Aktualności




Nie żyje Zofia Skubikowska!



Menedżerka i promotorka muzyki zmarła w Warszawie po długiej chorobie 2 kwietnia 2020. Miała 63 lata.

Zofia Hyc urodziła się w Warszawie 22 października 1956 roku. Kiedy miała dwa lata, jej rodzice przenieśli się do Krakowa. Chodziła do szkoły muzycznej na Basztowej, uczyła się gry na fortepianie. Jej brat Tomasz był perkusistą. Na początku lat 70., jeszcze będąc licealistką, zaczęła współpracować z tamtejszym oddziałem Polskiego Stowarzyszenia Jazzowego jako menedżerka zespołów. W 1975 roku należała to teamu organizatorów pierszego festiwalu Jazz Juniors. W Rotundzie prowadziła Jazz Club (piątki jazzowe). W latach 1979 - 1981 była menedżerką grupy Laboratorium.

W 1980 roku przeniosła się do Warszawy. Była w tym okresie menedżerką swojego męża Jacka Skubikowskiego – popularnego piosenkarza i gitarzysty, działacza muzycznego, specjalisty praw autorskich. Pobrali się 30 grudnia 1980 roku, dziesięć lat później przyszła na świat ich córka Matylda. Zofia pracowała w przedsiębiorstwie płytowym Wifon, a następnie w wytwórni Polton, która w 1995 roku przekształcona została w Warner Music Poland (jeden z pierwszych w Polsce zachodnich koncernów fonograficznych, tzw. majors).

Należała do grupy kilkunastu założycieli Związku Producentów Audio-Video ZPAV, który powstał już w 1991 roku, i który pod koniec tamtej dekady powołał do życia Akademię Fonograficzną organizującą doroczne rozdania nagród Fryderyk. Od 2000 roku z ramienia ZPAV była Zofia koordynatorką cotygodniowej Oficjalnej Listy Sprzedaży (OLiS) podsumowującej sprzedaż detaliczną albumów w Polsce.

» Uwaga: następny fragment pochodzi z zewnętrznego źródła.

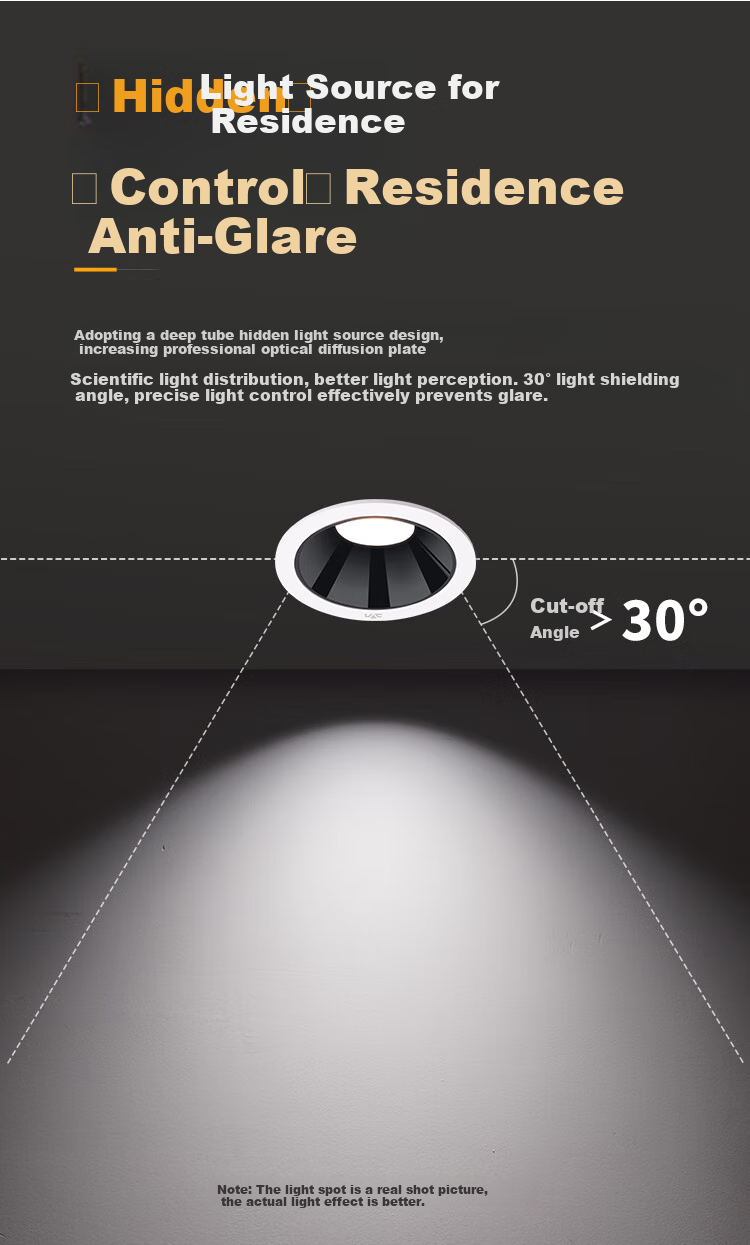 NVC LED Downlight for Home Living Room, Recessed Ceiling Light, Anti-Glare Black Cup, 7W, Smart Stepless Dimming [Yuhua] Ra95 5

Chorowała od dwóch lat, nie poddawała się, ale kilka miesięcy temu jej stan zdrowia zaczął się gwałtownie pogarszać. Pracowała w domu. Ostatnią listę OLiS sporządziła 26 marca br.

Autentycznie zafascynowana muzyką (zwłaszcza jazzową!), w pracy oddana, wymagająca i sumienna, miała Zosia w sobie dużo ciepła i pozytywnych wibracji, miała wielki urok osobisty i klasę. Trudno się pogodzić z Jej odejściem.

Do zobaczenia, Zosiu!
Paweł  Brodowski

Ta żegnają Zosię przyjaciele ze ZPAV-u:

W tym niezwykle trudnym dla wszystkich czasie nadeszła bardzo smutna wiadomość. Po długiej i ciężkiej chorobie zmarła nasza droga Koleżanka Zosia Skubikowska – wspaniały, mądry, ciepły Człowiek. Przyjmowała swoją chorobę z optymizmem, walczyła dzielnie. Nie lubiła mówić o swoim cierpieniu, w każdej rozmowie pamiętała natomiast, aby spytać, co nowego w pracy, jak nasze dzieci, zwierzaki…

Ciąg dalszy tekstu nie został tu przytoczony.